I hate trying to be safe.
I have posted to this blog numerous times about how I feel about “being safe”.
I think that being safe is tantamount to being dead.
The mental state of a safe being is similar to a deer in the headlights.
That is a state of existence I find to be really unattractive.
But being stupid is something the avoidance of which I DO endorse.
My understanding of the ongoing Boeing 737 debacle is that, to provide an apparently new plane quickly and economically to the airlines of the world, a plane that needed to be better, cheaper to fly and requiring no pilot training investment, Boeing did the obvious: they hung newer, bigger, more powerful and – I guess – more economical engines on a tried and true airframe, the 737, which has been in production since 1967 or thereabouts.
There being an enormous amount of sunk costs in that old an airframe, the Max 8 looked to be the cash cow of ever existing cash cows – probably exceeding the IBM Selectric typewriter.
The only problem with the idea has been that the 1967 airframe decked out with 2015 engines presented an anomalous silhouette to the slipstream.
All the implications of this remain unknown.
There have been only two data points so far.
Those data points are what we used to call fatal crashes.
But one additional data point that does seem to be documented is that when these new software-craft are in a steep climb and are using maximum engine throttle (we often refer to that condition as “takeoff”) the software puts the plane in a nose down attitude.
That, of course, if allowed to persist, would result in what the FAA has described as “risk of impact with terrain”.
It turns out that Boeing had realized at the outset that that was the problem of the old airframe with the new engines in the slipstream.
“No problem” said the Boeing slipstream factotums; “we will analyze the slipstream with sensors and feed that analysis to some software in real time and, voila, we will have a modern aircraft in the slipstream; there will be no ‘risk of impact with terrain’”.

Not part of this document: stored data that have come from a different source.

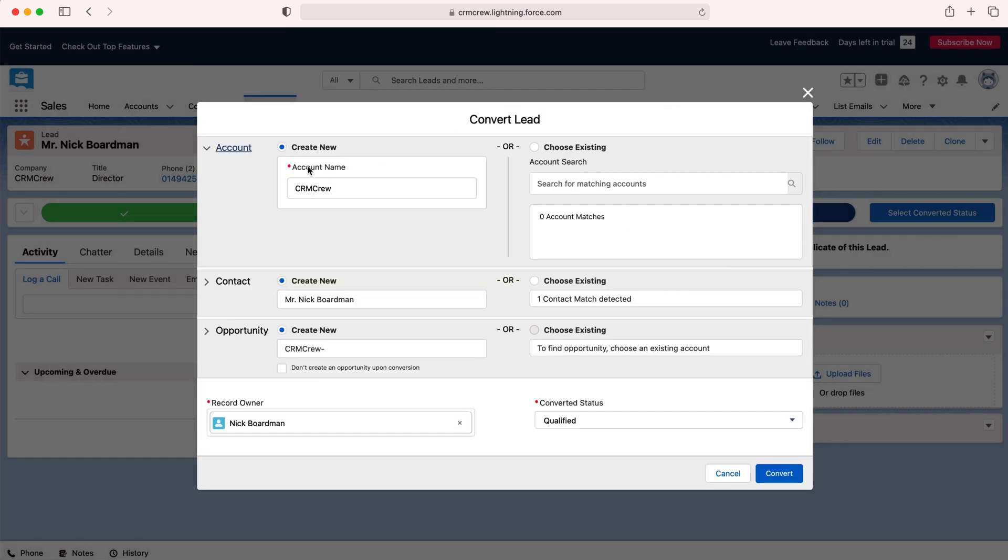Once you've done that we will then need to convert our lead into an account, a contact, and an opportunity. That is essentially what happens when a lead reaches its full potential. You need to create an account for the particular business or lead, create a contact for the particular individual associated with the lead, and an opportunity as well.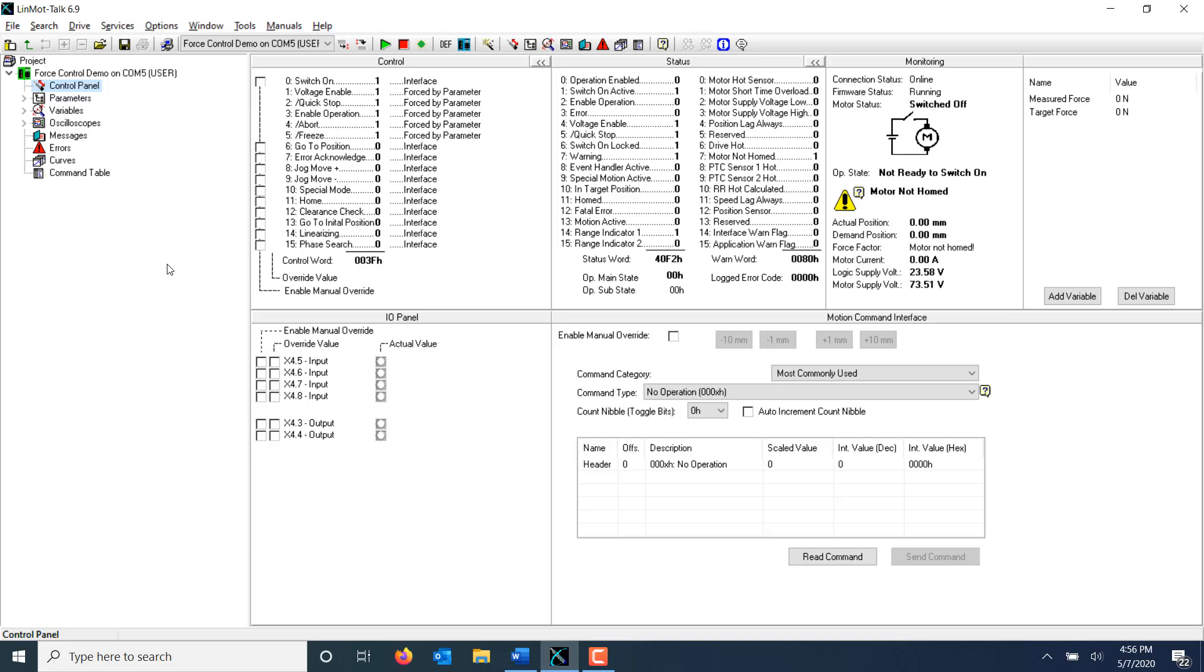Hello, welcome to part 2 of our tutorials for closed loop force control. Today we're going to discuss the force control motion commands and how to use them with your LinMot Drive.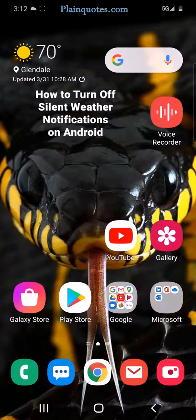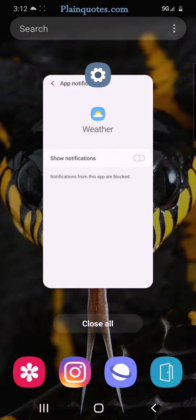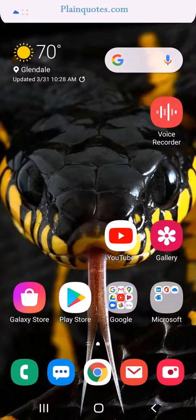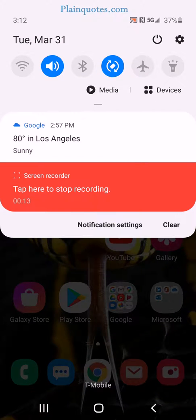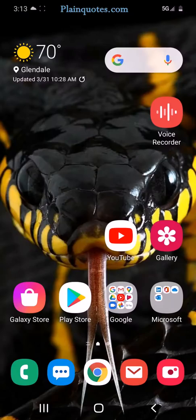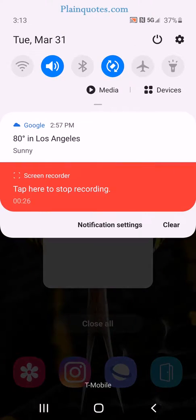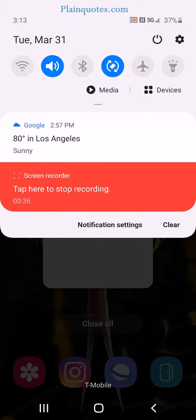Let's say you turn off your weather app notifications, so you shouldn't be getting notifications — but you still get this notification at the top. Sometimes it's a silent notification, sometimes it's a regular one. If your Google weather notifications are closed, it's actually this notification coming from Google. So it's not coming from the weather app; it's coming from the Google app.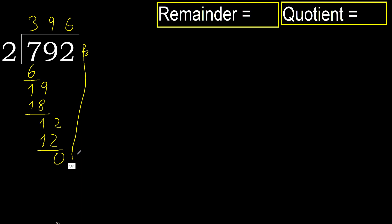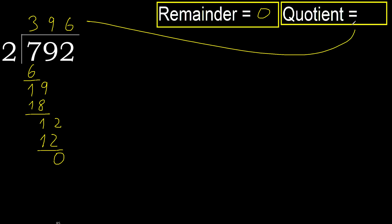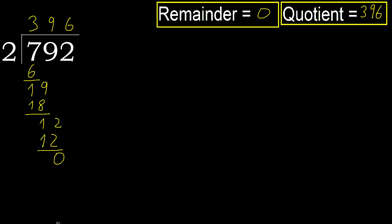There is no number left, therefore finish it. Ok, 0. Therefore 792 divided by 2 is here.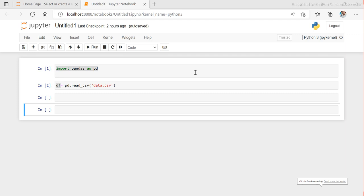Hey guys, this is Hetu and welcome back to ETL-QL Apps. This is the second session on pandas. Yesterday we looked at installation and a little bit about pandas objects — DataFrame and Series. Everything in pandas we will work around these two objects. These are the two major objects in pandas: one is DataFrame and the second one is Series.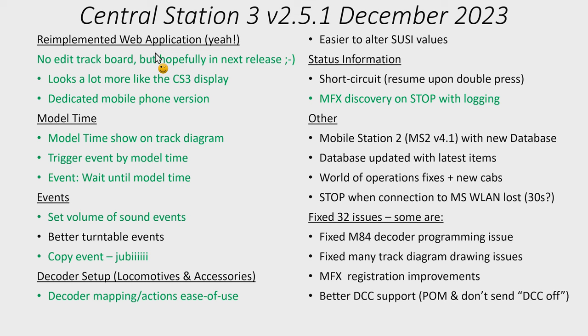It will show that as a clock on the track diagram or you can choose to. But you can also use it in events. So you can trigger events by a certain model time and you can repeat according to the model time. And there's also a new event that will wait until a specific model time. So this means you can actually start modeling things according to the model time, perhaps even make schedules.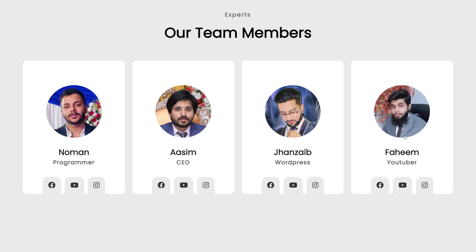I hope you enjoyed this video. If you have any questions, ask in the comment section and we'll try to answer. Please subscribe to our YouTube channel, share this video with friends who want to learn web designing, and thanks for watching.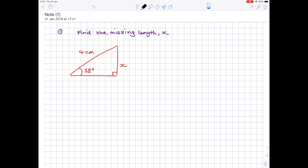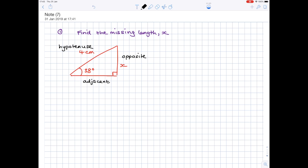In order to use trigonometry to work out unknown lengths, we need to label the various sides of the triangle. You'll always be given an angle and a length and need to find something out. We call the side closest to the angle the adjacent side, because adjacent means next to. The hypotenuse is always the longest length of the triangle and always opposite the right angle. The one left over is the opposite.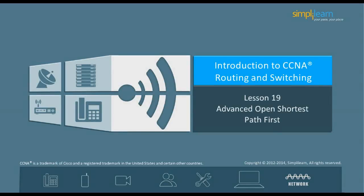Hello, and welcome to the CCNA Routing and Switching course offered by SimpliLearn. The previous lesson focused on an introduction to Open Shortest Path First, OSPF. This lesson focuses on advanced OSPF. Let us begin with the objectives of this lesson in the next slide.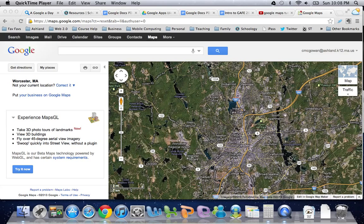For this tutorial we're going to take a look at creating custom Google Maps. The great thing about custom Google Maps is that they can be done collaboratively, they can be shared publicly, and you get all the benefits of Google Maps along with putting your own markers wherever you want.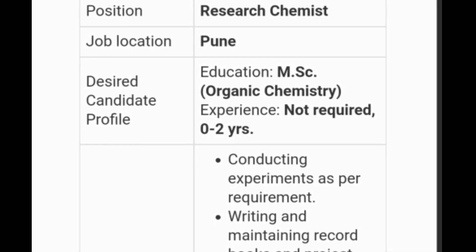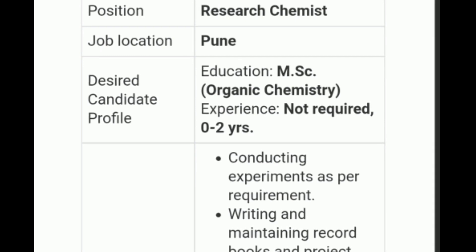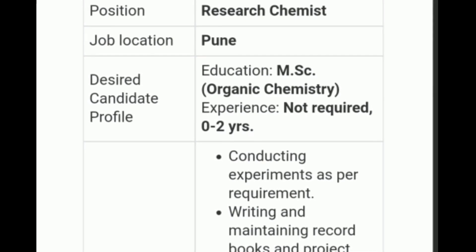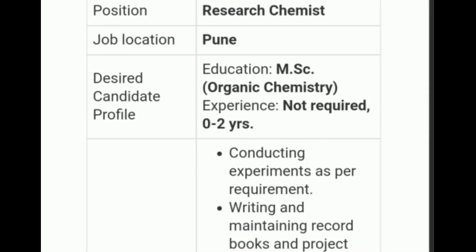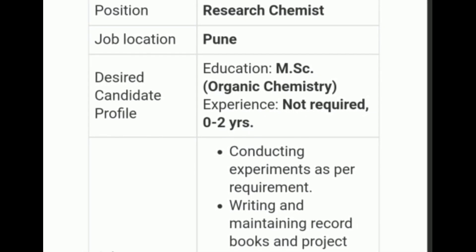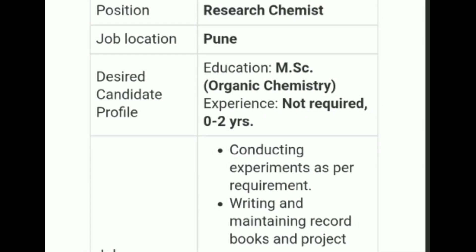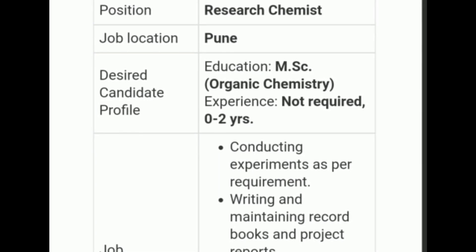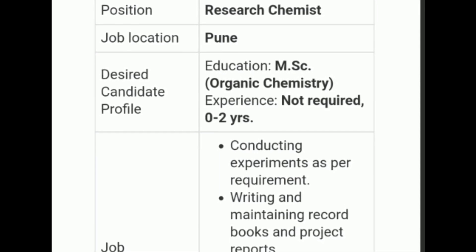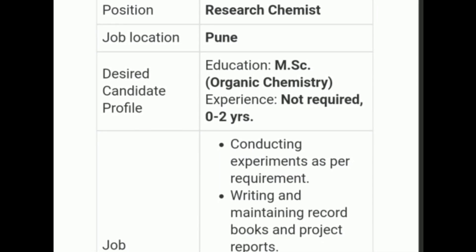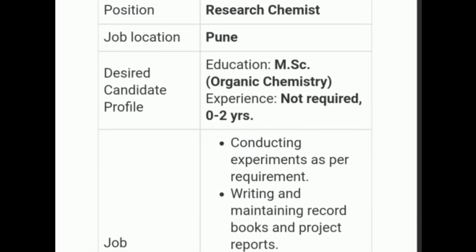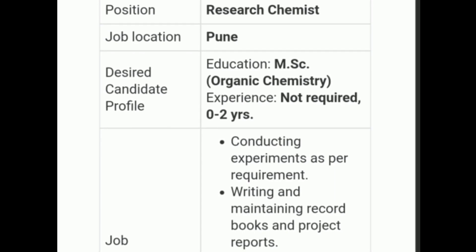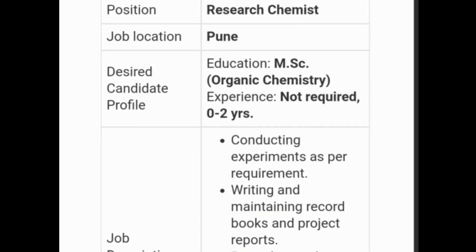First of all, the position is Research Chemist, job location Pune, educational qualification MSc Organic Chemistry, 0 to 2 years experience — which means if you are a fresher, you are eligible. We will quickly look at the job description for this job opportunity.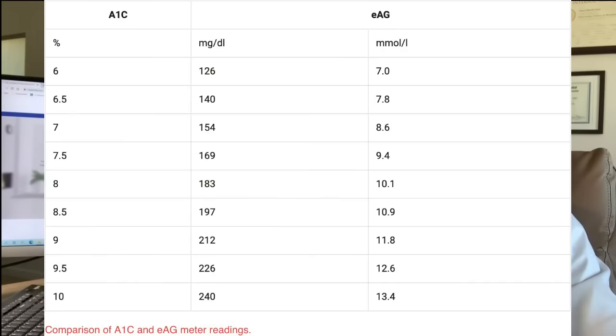So six percent is 120, seven percent is 150, eight percent is 180, and it continues from there. For example, twelve percent is around 300. You can make easy calculations from that. I hope that's easy to understand.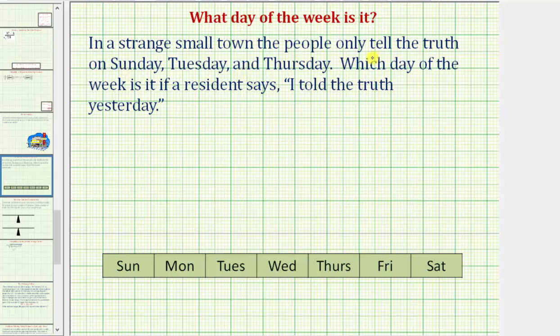In a strange small town, the people only tell the truth on Sunday, Tuesday, and Thursday. Which day of the week is it if a resident says, 'I told the truth yesterday?'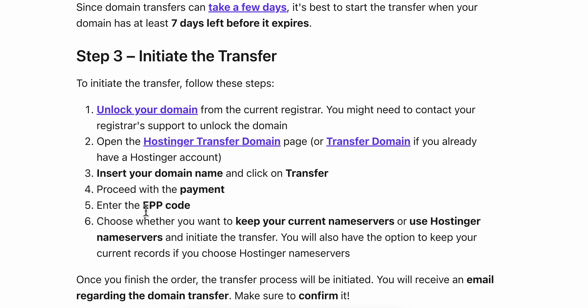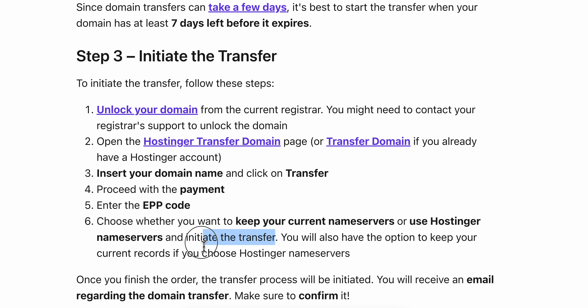You're going to have to enter the auth code, then choose whether you want to keep your current nameservers or use Hostinger's nameservers, and then simply initiate the transfer. And basically, that's it.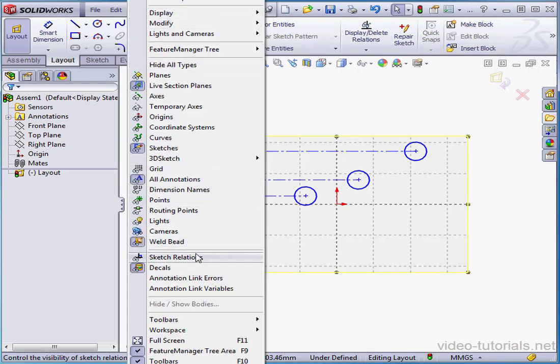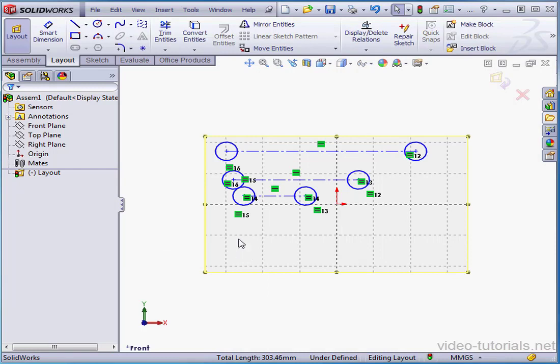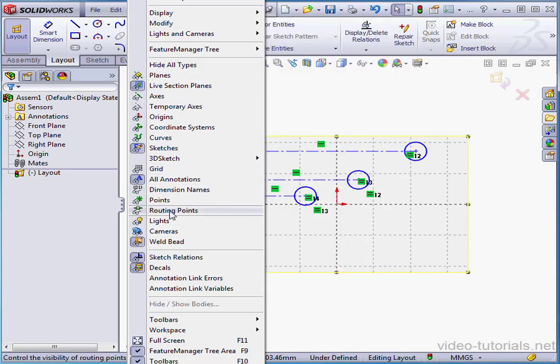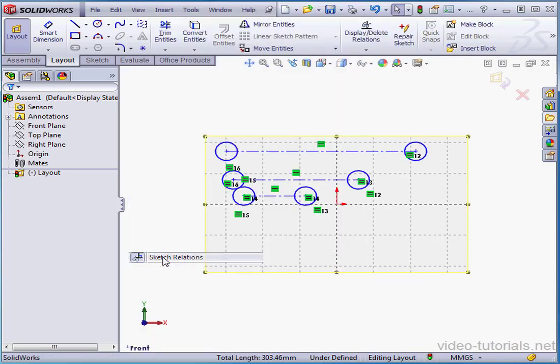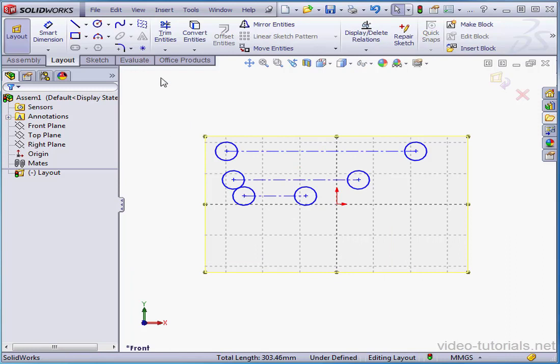Let's go to View, Sketch Relations to toggle them on. But I'm actually going to hide them so the graphic area remains uncluttered. Now, let's apply some dimensions.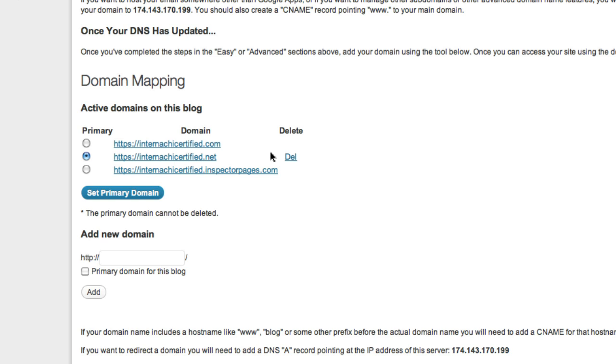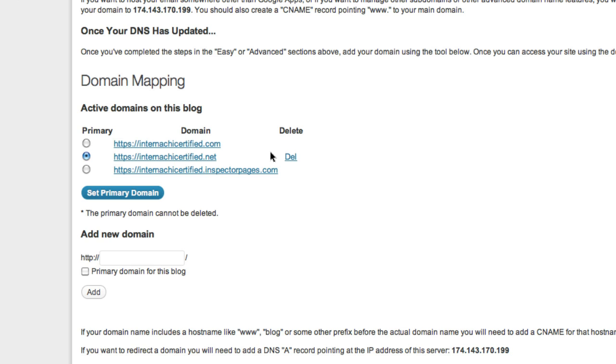If you're using a registrar other than GoDaddy, the system is going to be a little bit different but it should be pretty much the same. You just log in, find your domain and choose the name servers option, and then just type in these two name servers: ns1.inspectorpages.com and ns2.inspectorpages.com. And if you have any problems you can always email us and we'll be happy to help you out.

Something about that didn’t work.
And I am really disinterested in being a part of the data gathering enterprise necessary to find out if you can really fly a software-assisted pretend airplane with any large scale likelihood of not doing what two of them have already done: going inexorably nose down and having “risk of impact with terrain”.
A few hundred test flights – multiple tens of thousands of passenger bearing flights being expected of any aircraft – don’t constitute any assurance that the software or the sensors really work right.
So I would have to call the Boeing 737 Max 8 (and 9) the pretend aircraft for the people who worry about being safe but don’t mind being stupid.